Friday, December 12, 2014

SK Telecom launches portable air quality sensor

The announcement that SK Telecom has launched a portable air quality monitoring device with an associated smart phone app caught my eye this morning.  According to Koreabizwire, "Designed to enhance people’s health and well-being, Air Cube monitors the air quality of the surrounding environment to determine if the conditions are just right for users. Air Cube comes in two different models: Air Cube C measures the level of fine dust particles and carbon dioxide, while Air Cube T offers fine dust level and discomfort index (by measuring temperature and humidity). The air quality is measured every 15 seconds and the results are shown in five levels. When the air contamination/pollution reaches or exceeds level four, the device makes an alarm sound to warn users."

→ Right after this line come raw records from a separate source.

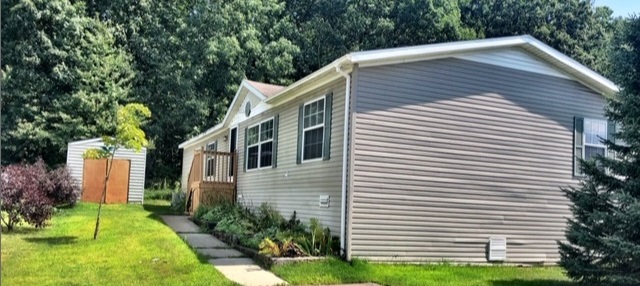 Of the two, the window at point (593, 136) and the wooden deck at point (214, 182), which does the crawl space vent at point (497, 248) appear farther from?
the wooden deck at point (214, 182)

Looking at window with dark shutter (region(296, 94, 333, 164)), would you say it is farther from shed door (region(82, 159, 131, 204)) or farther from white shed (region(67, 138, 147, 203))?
shed door (region(82, 159, 131, 204))

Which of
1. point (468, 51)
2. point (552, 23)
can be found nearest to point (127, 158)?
point (468, 51)

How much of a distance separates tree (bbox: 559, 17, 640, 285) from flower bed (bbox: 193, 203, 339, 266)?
11.8 feet

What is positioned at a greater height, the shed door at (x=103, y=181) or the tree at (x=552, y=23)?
the tree at (x=552, y=23)

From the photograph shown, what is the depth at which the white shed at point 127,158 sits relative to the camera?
67.8ft

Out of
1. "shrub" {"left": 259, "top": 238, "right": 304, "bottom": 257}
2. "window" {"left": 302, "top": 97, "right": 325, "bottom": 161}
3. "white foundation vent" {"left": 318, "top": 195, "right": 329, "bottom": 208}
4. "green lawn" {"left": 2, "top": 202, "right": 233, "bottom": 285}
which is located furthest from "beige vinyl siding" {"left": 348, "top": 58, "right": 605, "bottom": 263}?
"green lawn" {"left": 2, "top": 202, "right": 233, "bottom": 285}

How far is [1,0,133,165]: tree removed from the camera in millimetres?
24281

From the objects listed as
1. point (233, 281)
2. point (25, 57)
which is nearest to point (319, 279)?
point (233, 281)

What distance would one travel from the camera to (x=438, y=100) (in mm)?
9391

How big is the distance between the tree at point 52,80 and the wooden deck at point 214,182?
10197 mm

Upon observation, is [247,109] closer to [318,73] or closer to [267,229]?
[267,229]

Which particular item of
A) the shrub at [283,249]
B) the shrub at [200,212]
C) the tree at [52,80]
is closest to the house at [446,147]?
the shrub at [283,249]

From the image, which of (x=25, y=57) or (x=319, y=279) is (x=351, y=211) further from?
(x=25, y=57)

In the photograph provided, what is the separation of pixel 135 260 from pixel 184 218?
6.58 metres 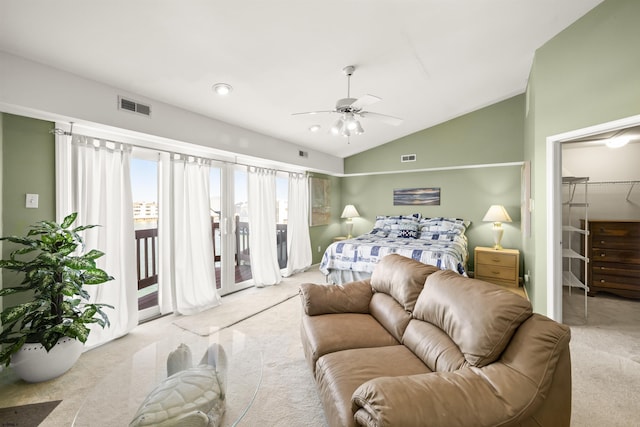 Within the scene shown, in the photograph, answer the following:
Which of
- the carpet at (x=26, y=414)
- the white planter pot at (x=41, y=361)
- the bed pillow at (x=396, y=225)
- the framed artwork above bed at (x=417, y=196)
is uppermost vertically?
the framed artwork above bed at (x=417, y=196)

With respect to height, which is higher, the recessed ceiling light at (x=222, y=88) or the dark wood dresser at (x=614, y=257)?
the recessed ceiling light at (x=222, y=88)

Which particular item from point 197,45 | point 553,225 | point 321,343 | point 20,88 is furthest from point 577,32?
point 20,88

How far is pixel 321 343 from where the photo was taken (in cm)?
177

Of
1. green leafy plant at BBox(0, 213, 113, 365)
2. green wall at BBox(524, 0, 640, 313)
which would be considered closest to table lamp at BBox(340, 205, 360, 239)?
green wall at BBox(524, 0, 640, 313)

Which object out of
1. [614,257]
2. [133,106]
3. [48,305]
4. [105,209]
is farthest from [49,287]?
[614,257]

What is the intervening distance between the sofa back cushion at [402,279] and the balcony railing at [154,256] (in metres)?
2.61

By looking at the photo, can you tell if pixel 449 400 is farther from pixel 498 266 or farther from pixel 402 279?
pixel 498 266

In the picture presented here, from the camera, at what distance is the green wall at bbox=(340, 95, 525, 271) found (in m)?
4.75

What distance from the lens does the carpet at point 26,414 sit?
5.71 feet

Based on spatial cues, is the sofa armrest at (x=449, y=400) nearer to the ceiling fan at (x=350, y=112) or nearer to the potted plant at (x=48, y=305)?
the ceiling fan at (x=350, y=112)

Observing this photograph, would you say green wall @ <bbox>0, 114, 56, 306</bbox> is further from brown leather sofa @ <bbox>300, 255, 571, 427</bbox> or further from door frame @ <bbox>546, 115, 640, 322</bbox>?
door frame @ <bbox>546, 115, 640, 322</bbox>

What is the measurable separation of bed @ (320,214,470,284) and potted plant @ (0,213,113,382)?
2930mm

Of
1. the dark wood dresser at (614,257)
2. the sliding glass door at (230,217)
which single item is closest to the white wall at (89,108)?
the sliding glass door at (230,217)

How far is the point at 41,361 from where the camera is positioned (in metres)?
2.07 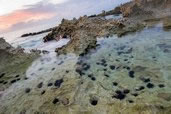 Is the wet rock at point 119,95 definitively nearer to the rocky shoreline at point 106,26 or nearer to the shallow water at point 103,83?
the shallow water at point 103,83

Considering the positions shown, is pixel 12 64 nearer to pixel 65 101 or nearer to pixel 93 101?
pixel 65 101

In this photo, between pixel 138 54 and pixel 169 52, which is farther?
pixel 138 54

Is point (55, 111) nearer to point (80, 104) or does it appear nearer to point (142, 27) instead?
point (80, 104)

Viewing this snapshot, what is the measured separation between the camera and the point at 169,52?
15.9 metres

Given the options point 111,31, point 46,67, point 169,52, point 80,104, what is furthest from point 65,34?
point 80,104

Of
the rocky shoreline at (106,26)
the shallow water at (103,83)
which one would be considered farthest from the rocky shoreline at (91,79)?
the rocky shoreline at (106,26)

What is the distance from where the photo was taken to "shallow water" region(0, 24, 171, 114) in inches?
412

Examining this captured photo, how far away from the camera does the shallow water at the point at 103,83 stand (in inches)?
412

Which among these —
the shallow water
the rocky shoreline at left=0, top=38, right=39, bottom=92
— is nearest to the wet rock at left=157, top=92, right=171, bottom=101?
the shallow water

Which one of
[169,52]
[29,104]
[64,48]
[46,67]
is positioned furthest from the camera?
[64,48]

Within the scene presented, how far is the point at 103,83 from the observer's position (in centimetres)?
1307

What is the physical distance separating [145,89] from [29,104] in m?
7.44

Similar devices have been launched in the U.S. and in China, with the latest ones being small wearable devices.  Wired reported recently on a wearable device developed in China and shown in the accompanying graphic (click for full size version).
As noted in the Wired article, "Earlier this year, Beijing’s concentration of PM 2.5 particles—those fine enough to penetrate the lungs and enter the bloodstream—reached 505 micrograms per cubic meter, and the World Health Organization recommends a safe level of 25. Forty percent of global air pollution-related deaths—1.2 million in total—have been linked to PM-2.5 pollution in China, according a 2013 WHO report. This means it’s vitally important that the Chinese keep a close eye on the quality of the air around them. But reliable data can be difficult to come by. Just last week, when several major heads of state met for an important regional summit in Beijing, the government reportedly blocked air pollution data provided by the U.S. Embassy from being displayed on local smartphone apps and websites. clarity-inline2 Screenshot: courtesy Clarity It’s no small problem, and David Lu aims to solve it. Together with seven other students at the University of California, Berkeley, Lu recently created a new kind of air pollution sensor dubbed Clarity. This keychain-sized gadget lets you constantly track your personal exposure to air pollution via a smartphone app. But it’s also a way of crowdsourcing much broader studies on air quality—not only across China but throughout other parts of the world as well."